WIENERIN-Kolumnistin und Sexbloggerin Theresa Lachner findet, dass die Corona-Pandemie durchaus Positives mit sich bringt – zumindest was unser Sexleben betrifft.

Frauen intim

Wir haben Bananenbrot gebacken. Wir haben auf unseren Balkonen geklatscht. Wir haben geweint vor Glück, als wir nach dem Lockdown endlich wieder zur Thaimassage durften okay, vielleicht war das auch nur ich. Wir haben den Kleiderschrank ausgemistet. Und jetzt ist ein super Zeitpunkt, um auch in unserem Sexleben mal ganz gepflegt auszusortieren.

Bussi, baba

Als Erstes fliegt alles und jeder, das bzw. der uns ein mieses Körpergefühl gibt. Die Detoxtee-Trullas aus dem Instagram-Feed. "Augenzwinkernde" Werbung und Memes für den perfekten Post-Pandemie-Body. Der Typ, der uns im Bett ehrfürchtig mitteilt, dass er "das hier alles" doch tatsächlich attraktiv findet, und dafür eine Goldmedaille möchte - ciao! Ab jetzt kultivieren wir "Dad Bod"-Wurschtigkeit aka Body Neutrality.

Beim Dating kann man jetzt ruhig noch deutlich selektiver werden als sonst. Anstatt uns bei viel zu langen Longdrinks vom 58. Tinder-Peter seine total innovative Idee für einen dystopischen Pandemie-Roman erzählen zu lassen, den er schon halb angefangen in der Schublade liegen hat, lassen wir uns lieber wieder von Freund*innen verkuppeln, um die allergröbsten Ausreißer von vornherein auszuschließen.

Beziehung? Das war einmal

Laut Bundesministerium für Gesundheit heißt es nicht mehr "Beziehung", sondern "jede exklusive Solidargemeinschaft zwischen zwei oder mehr Personen (individuell und nachvollziehbar begründbares besonderes Naheverhältnis), die auf relative Dauer ausgerichtet ist" and I think that's beautiful.

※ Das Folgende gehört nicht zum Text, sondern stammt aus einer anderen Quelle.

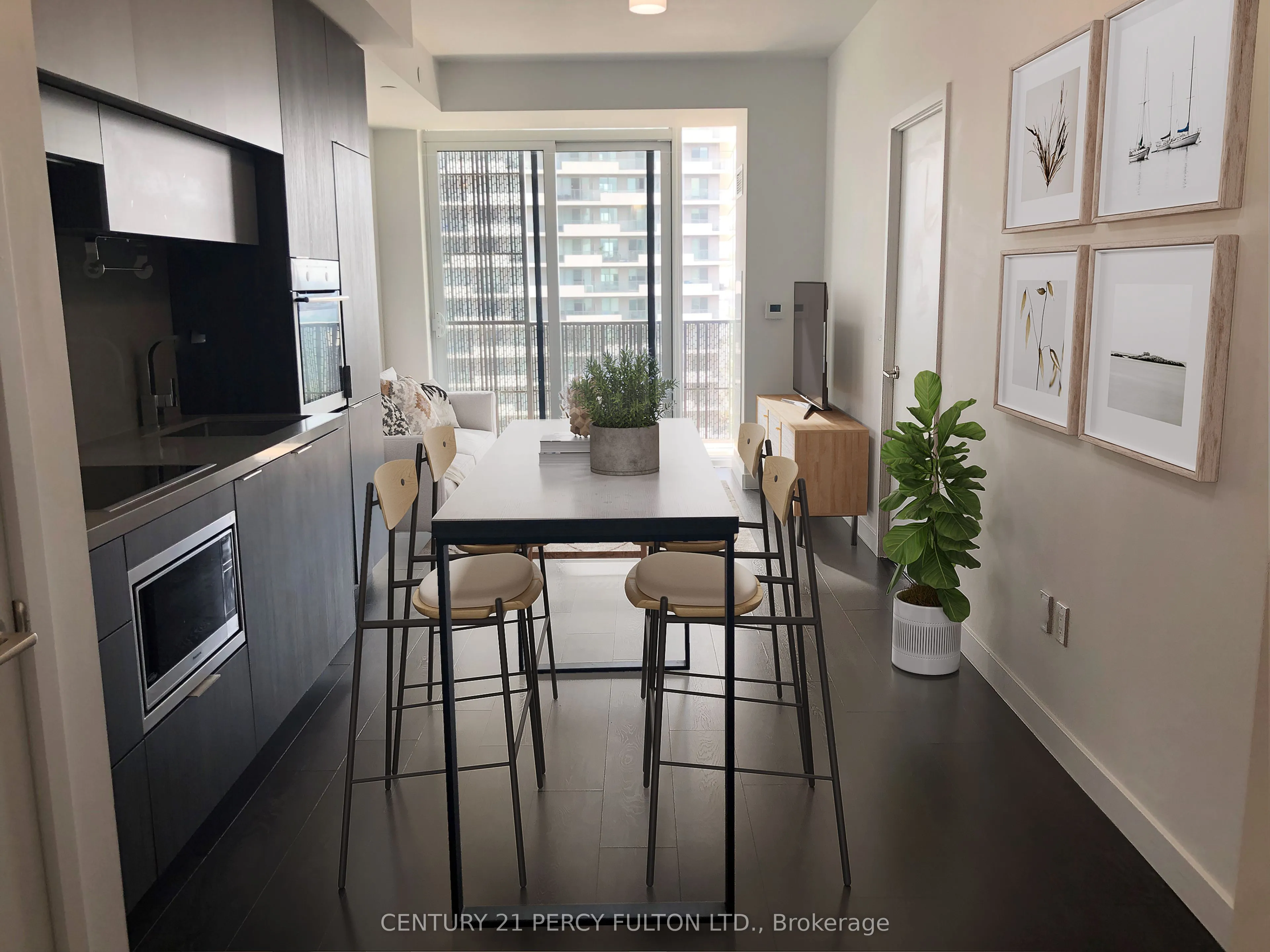 8 Eglinton Avenue E, #2001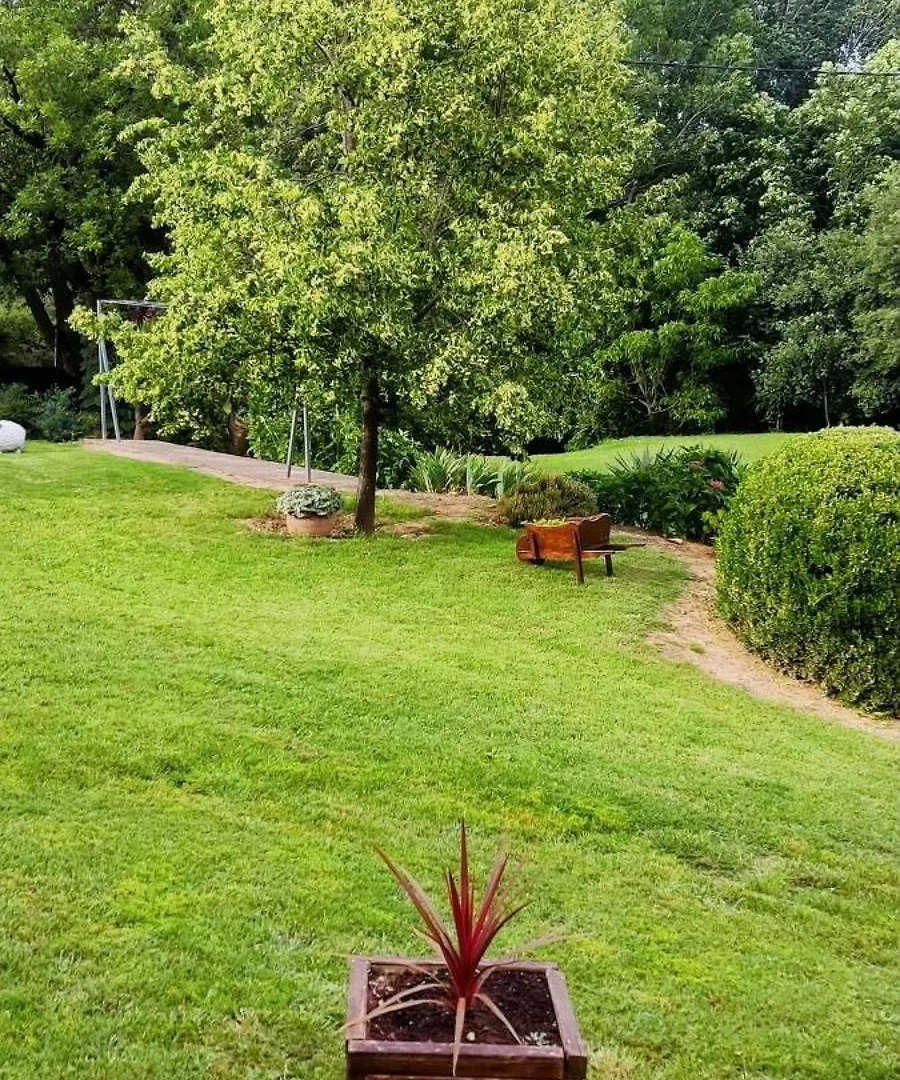 Country house Cal Xaiet Guest House Llampaies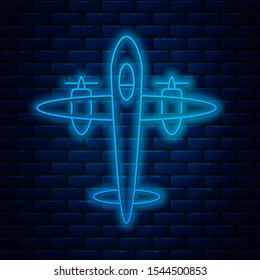 Línea de neón brillante Viejo icono de plano retro vintage aislado en fondo de pared de ladrillo. Icono de avión volador. Signo del avión. Ilustración vectorial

Das "Define the relationship"-Gespräch führen wir derzeit lieber ein bisserl früher als später jetzt, wo wir nicht nur das Herz, sondern auch eine Tröpfcheninfektion riskieren, ist es gut zu wissen, wer mit wem sonst noch so Körperflüssigkeiten austauscht. Wilde Vermutung: Die "Aber mit Kondom spür ich so wenig"-Sager sind die, die das Konzept "Mund-Nasen-Schutz" auch nicht so richtig verstanden haben.

Selbstliebe

Im Zweifelsfall besinnen wir uns einfach wieder auf Verlässliches: Sextoys haben sich noch nie besser verkauft. Und mit den eigenen Händen kann man noch Spannenderes anstellen, als sie zu waschen.